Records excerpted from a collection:
┄┄┄┄┄┄┄┄┄┄┄┄┄┄┄┄┄┄┄┄

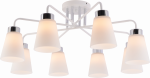 Люстра Rivoli Miley 9192-308 8хЕ27 60 Вт модерн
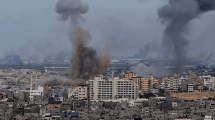 Imagen de Israel y Gaza, en guerra: cuatro argentinos siguen desaparecidos y hay 235 pedidos de evacuación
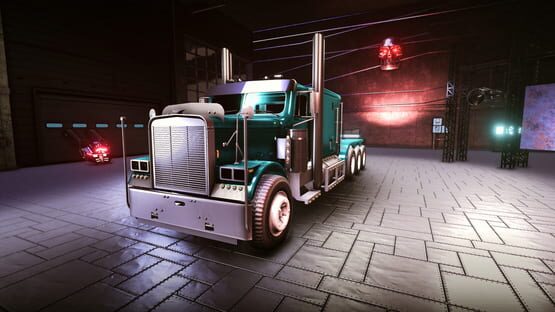 Truck Drag Racing Legends Simulator screenshot 1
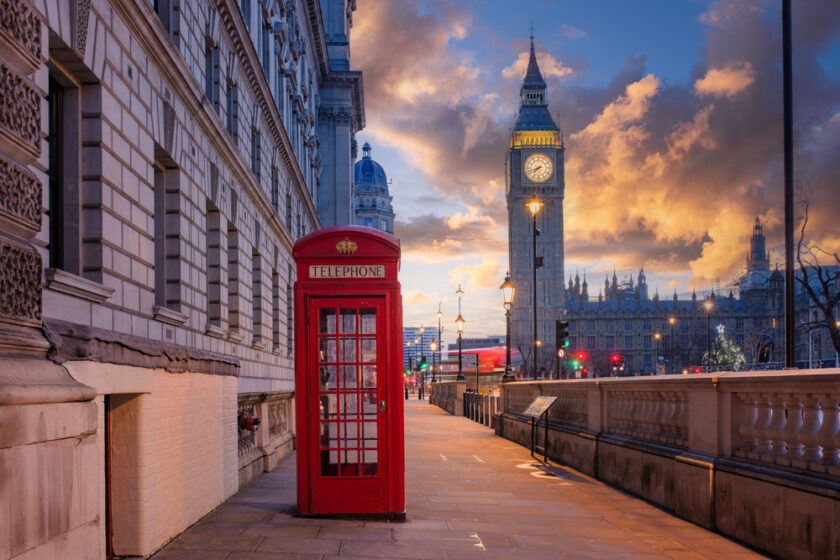London red box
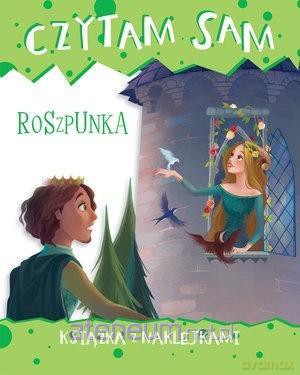 Czytam sam. Roszpunka. Książka z naklejkami - Roberta Zilio [KSIĄŻKA]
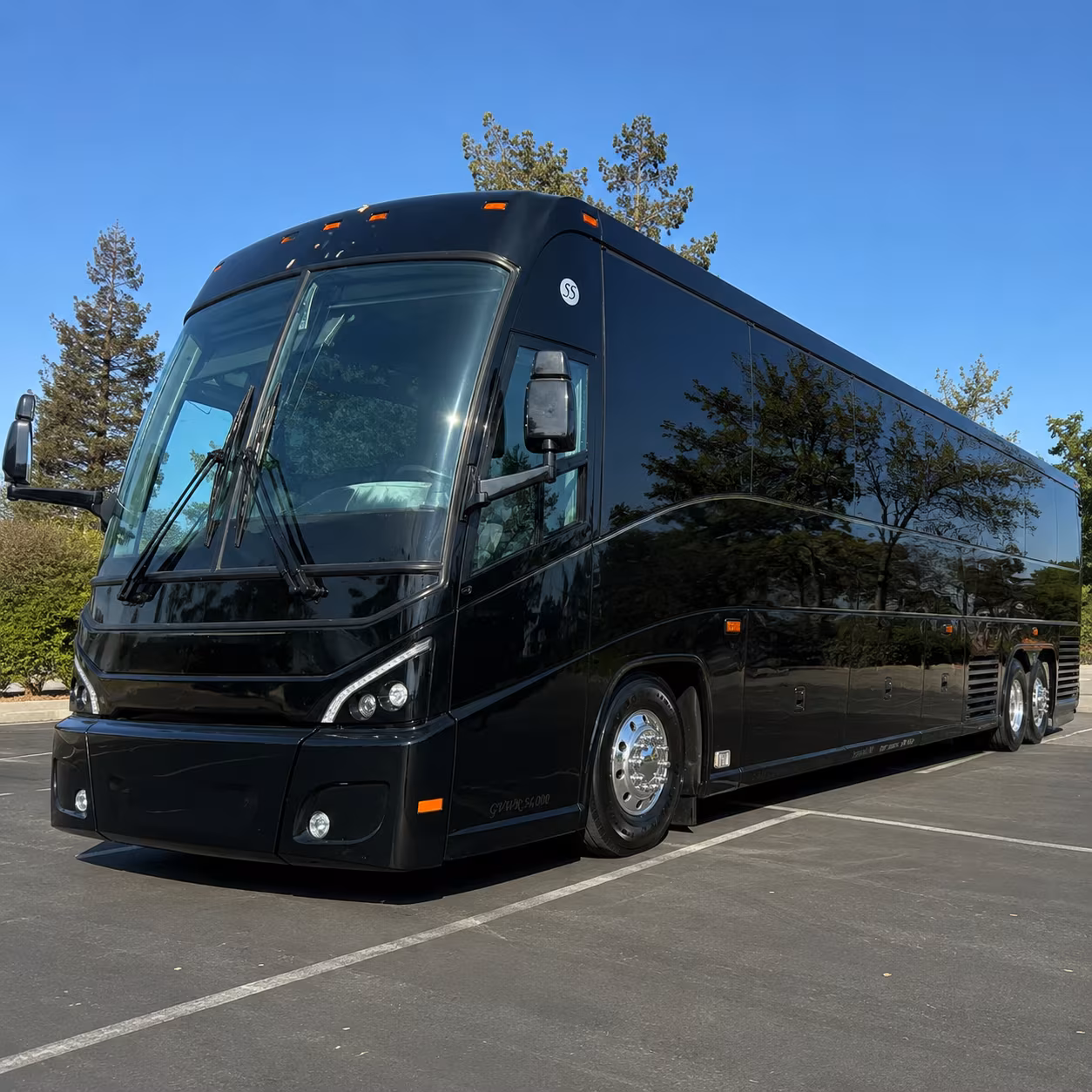 charter buses for hayward wedding ceremonies and receptions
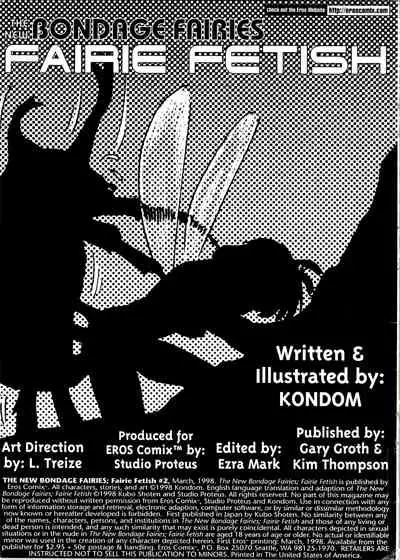 [Kondom] The New Bondage Fairies - Faries Fetish 02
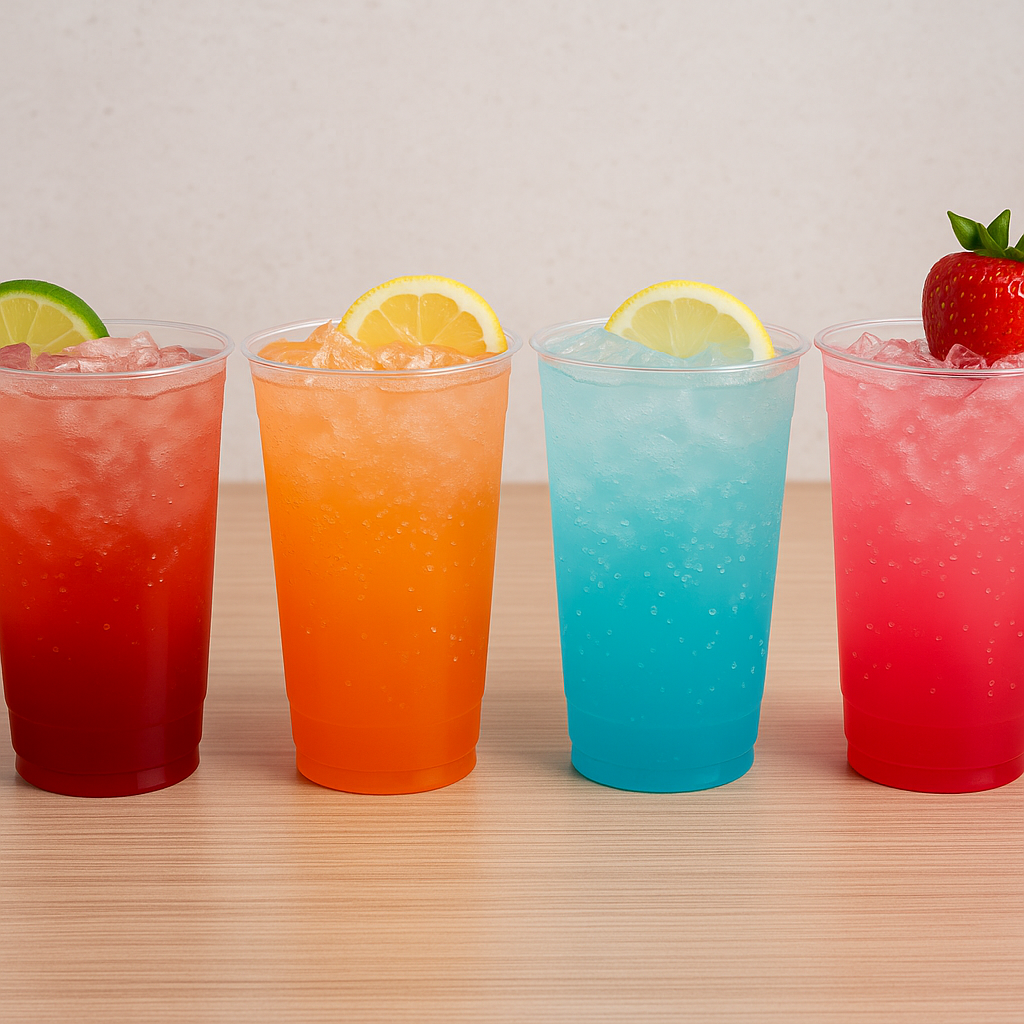 Italian Soda-Build Your Own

┄┄┄┄┄┄┄┄┄┄┄┄┄┄┄┄┄┄┄┄

What is being asked
An exact transcription of the data above is needed, without the pictures.

Result for this task
 Люстра Rivoli Miley 9192-308 8хЕ27 60 Вт модерн
 Imagen de Israel y Gaza, en guerra: cuatro argentinos siguen desaparecidos y hay 235 pedidos de evacuación
 Truck Drag Racing Legends Simulator screenshot 1
London red box
 Czytam sam. Roszpunka. Książka z naklejkami - Roberta Zilio [KSIĄŻKA]
 charter buses for hayward wedding ceremonies and receptions
 [Kondom] The New Bondage Fairies - Faries Fetish 02
 Italian Soda-Build Your Own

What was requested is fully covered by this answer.